Christoph Hellwig May 23, 2019, 2:10 p.m. UTC | #8
On Thu, May 23, 2019 at 07:23:04AM -0600, Keith Busch wrote:
> > Figure 49: Asynchronous Event Information - Notice
> > 
> > 1h		Firmware Activation Starting: The controller is starting
> > 		a firmware activation process during which command
> > 		processing is paused. Host software may use CSTS.PP to
> > 		determine when command processing has resumed. To clear
> > 		this event, host software reads the Firmware Slot
> > 		Information log page.
> > 
> > So we are supposed to get an AEN before the device stops processing
> > commands.
> 
> Hm, I read the same section, but conclude differently (and at least some
> vendors did too). A spec compliant controller activating new firmware
> without reset would stop processing commands and set CSTS.PP first,
> then send the AEN. When the host is aware to poll Processing Paused,
> the controller hasn't been processing new commands for some time.
> 
> Could you give some more detail on your interpretation?

What would be the point of the AEN if it wasn't sent at exactly
the point when the controller stops acceppting command?

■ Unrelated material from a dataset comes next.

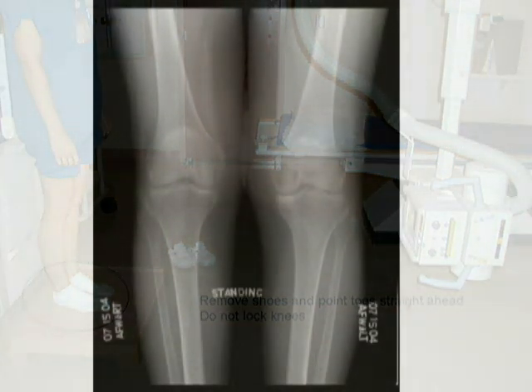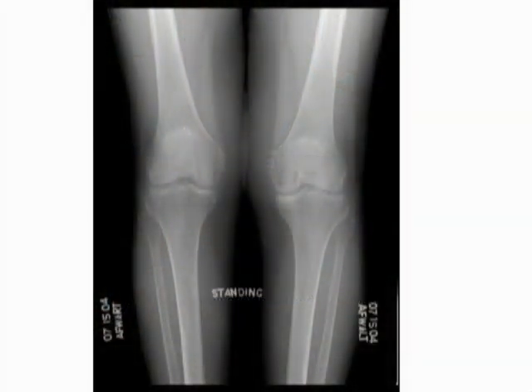An AP standing knee radiograph should demonstrate all skeletal anatomy from the distal femoral condyles to the proximal tibia and fibula. The patella should be completely superimposed on the femur. An appropriate contrast and density will demonstrate both soft tissue and trabecular bone.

The wording is of course NVMe-like, but "The controller is starting a.."
pretty clear implies this is sent at the beginning of the paused
state, not the end.
Keith Busch May 23, 2019, 2:19 p.m. UTC | #9
On Thu, May 23, 2019 at 04:10:54PM +0200, Christoph Hellwig wrote:
> On Thu, May 23, 2019 at 07:23:04AM -0600, Keith Busch wrote:
> > > Figure 49: Asynchronous Event Information - Notice
> > > 
> > > 1h		Firmware Activation Starting: The controller is starting
> > > 		a firmware activation process during which command
> > > 		processing is paused. Host software may use CSTS.PP to
> > > 		determine when command processing has resumed. To clear
> > > 		this event, host software reads the Firmware Slot
> > > 		Information log page.
> > > 
> > > So we are supposed to get an AEN before the device stops processing
> > > commands.
> > 
> > Hm, I read the same section, but conclude differently (and at least some
> > vendors did too). A spec compliant controller activating new firmware
> > without reset would stop processing commands and set CSTS.PP first,
> > then send the AEN. When the host is aware to poll Processing Paused,
> > the controller hasn't been processing new commands for some time.
> > 
> > Could you give some more detail on your interpretation?
> 
> What would be the point of the AEN if it wasn't sent at exactly
> the point when the controller stops acceppting command?
> 
> The wording is of course NVMe-like, but "The controller is starting a.."
> pretty clear implies this is sent at the beginning of the paused
> state, not the end.

Right, the controller starts the pause at time T1, and sends the AEN at
the same time. No new commands will be processed after T1 until the
firmware activate completes.

The host sees the AEN a short time later, time T2.

The time between T1 - T2, we may have sent many commands that are not
going to be processed, and we couldn't have known that when they were
submitted. The controller still owns those commands, and we just need
to adjust their deadlines once processing resumes.